AD is a long-lasting, chronic inflammatory disease characterized by dry, itchy skin that oozes or may ooze clear fluid when scratched, periodically inflaming. Among those affected, a third of children and 40% of adults suffer from moderate to severe illness, known to have a negative impact on quality of life (QoL), increasing the risk of anxiety, depression and even depression. suicide.

Whether AD is mild, moderate, or severe, itching seems to be the most distressing symptom overall. Even in severe cases, with extensive skin involvement and extensive oozing and scabs, itching or itching remains the major concern and burden of the disease. Some researchers have also called atopic dermatitis like “the itchy rash”.

“In the absence of biomarkers of AD, the frequency and severity of itching is assessed using questionnaires using a digital rating scale (NRS), visual analogue scale, verbal rating scale ( VRS) and other measures. According to Indian researchers, only 40% of AD cases are diagnosed and most patients end up using over-the-counter products until they become severe, ”said the expert.

What triggers AD?

The main triggers for AD are dry skin, irritants, stress, allergies, infections, and heat / sweating. Along with family history, past allergies are one of the main reasons, with the main risk factor for atopic dermatitis being hay fever or asthma.

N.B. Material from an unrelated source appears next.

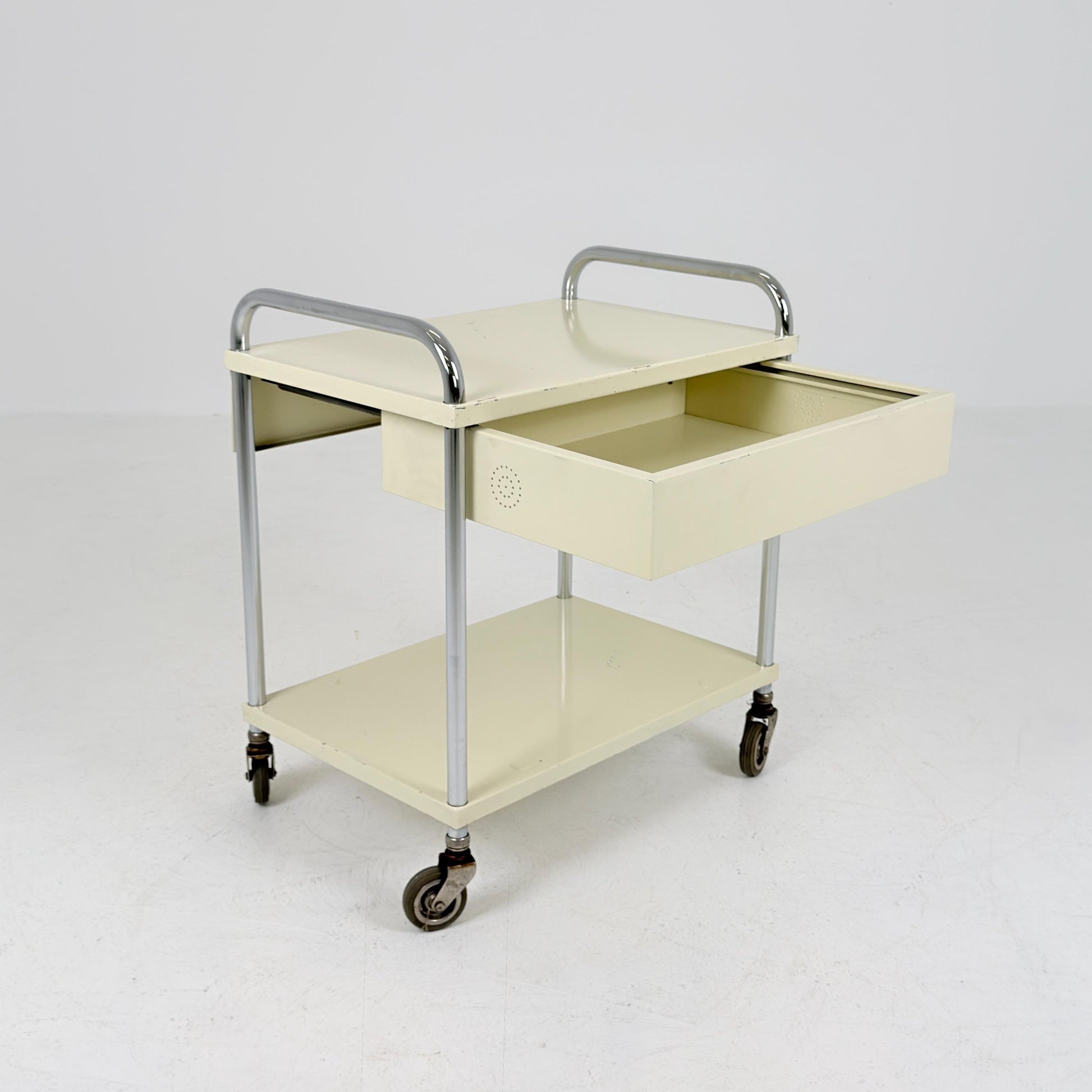 Mid-Century Mauser White Metal Trolley Cart, Germany 1970s – Bauhaus Industrial Design
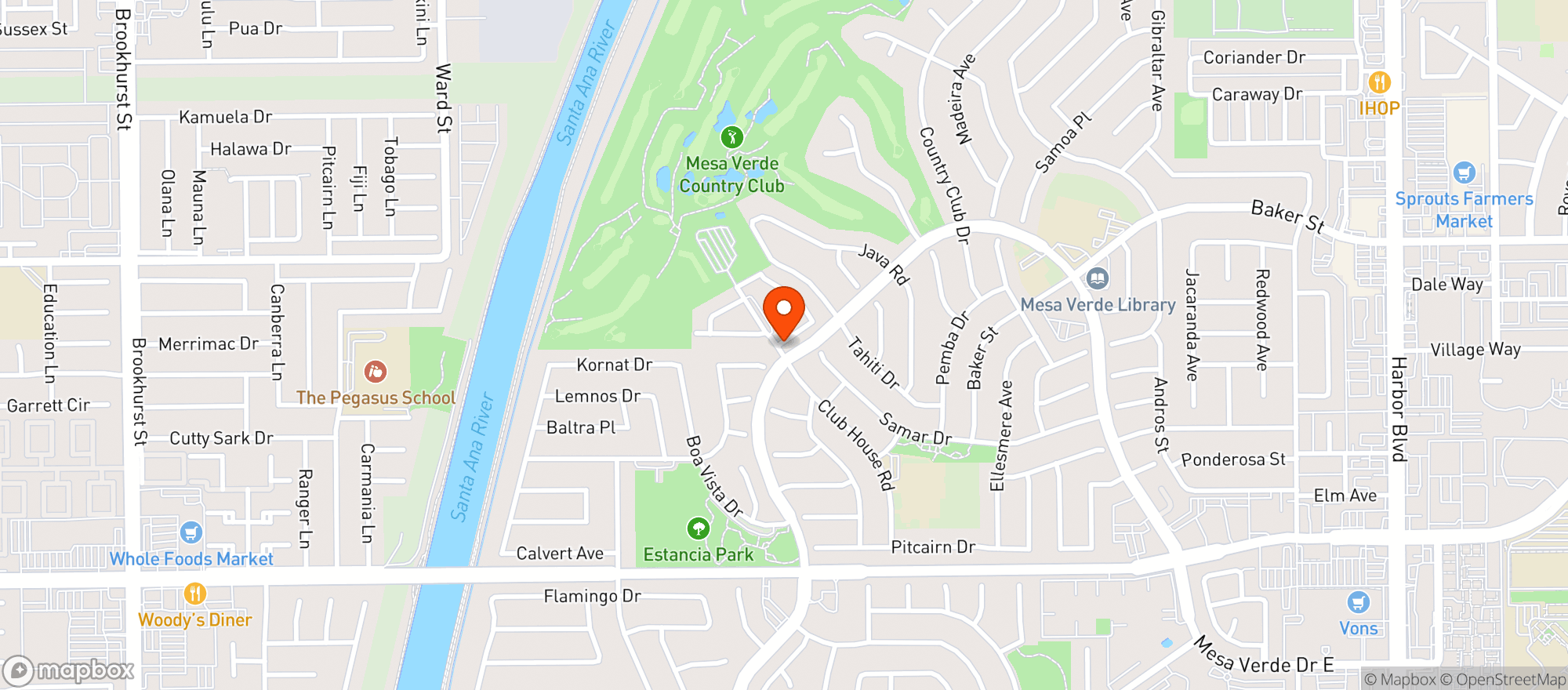 Map showing Mesa Verde Country Club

In adults, there are factors such as a polluted environment, food poisoning, low humidity, long showers, and stress that could trigger AD. The impact can be controlled by contacting your dermatologist as soon as you recognize the symptoms.

Preventive measures

Find the right one treatment is important. Calming the skin with over-the-counter products may reduce stress for a short time, but never helps prevent excessive scratching that leads to skin infections and the severity of AD, which accounts for up to 10% of total. case. In addition, it is known that atopic dermatitis worsens and affects not only physical and mental health, but also leads to the development of other diseases.

There is a lack of awareness, and as a result, treatment options vary between over the counter skin care, prescription drugs, and lifestyle changes. Appropriate consultation with a dermatologist can help the patient lead a better quality of life.